- **Data for this exercise**
☆ ☆ ☆ ☆ ☆

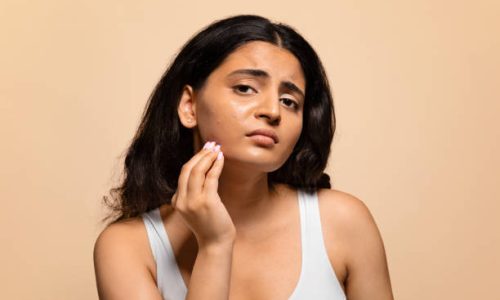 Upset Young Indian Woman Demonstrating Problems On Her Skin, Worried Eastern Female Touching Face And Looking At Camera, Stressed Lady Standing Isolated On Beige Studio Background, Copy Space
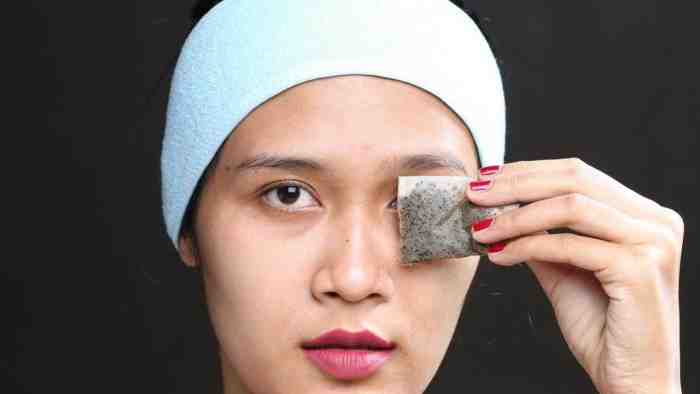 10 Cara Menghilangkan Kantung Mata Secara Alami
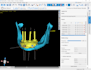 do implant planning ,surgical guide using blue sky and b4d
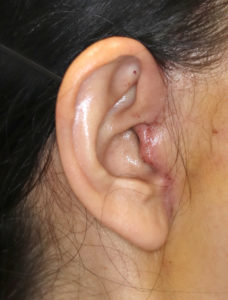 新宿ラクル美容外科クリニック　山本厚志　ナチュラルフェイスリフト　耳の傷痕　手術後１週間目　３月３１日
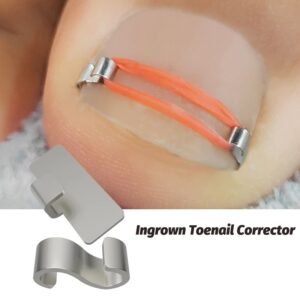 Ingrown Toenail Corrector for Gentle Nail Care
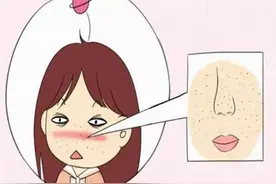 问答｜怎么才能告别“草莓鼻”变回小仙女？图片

☆ ☆ ☆ ☆ ☆

Retype the listing exactly. Pictures do not belong in the copy.

- **Solved exercise**
 Upset Young Indian Woman Demonstrating Problems On Her Skin, Worried Eastern Female Touching Face And Looking At Camera, Stressed Lady Standing Isolated On Beige Studio Background, Copy Space
 10 Cara Menghilangkan Kantung Mata Secara Alami
 do implant planning ,surgical guide using blue sky and b4d
 新宿ラクル美容外科クリニック　山本厚志　ナチュラルフェイスリフト　耳の傷痕　手術後１週間目　３月３１日
 Ingrown Toenail Corrector for Gentle Nail Care
 问答｜怎么才能告别“草莓鼻”变回小仙女？图片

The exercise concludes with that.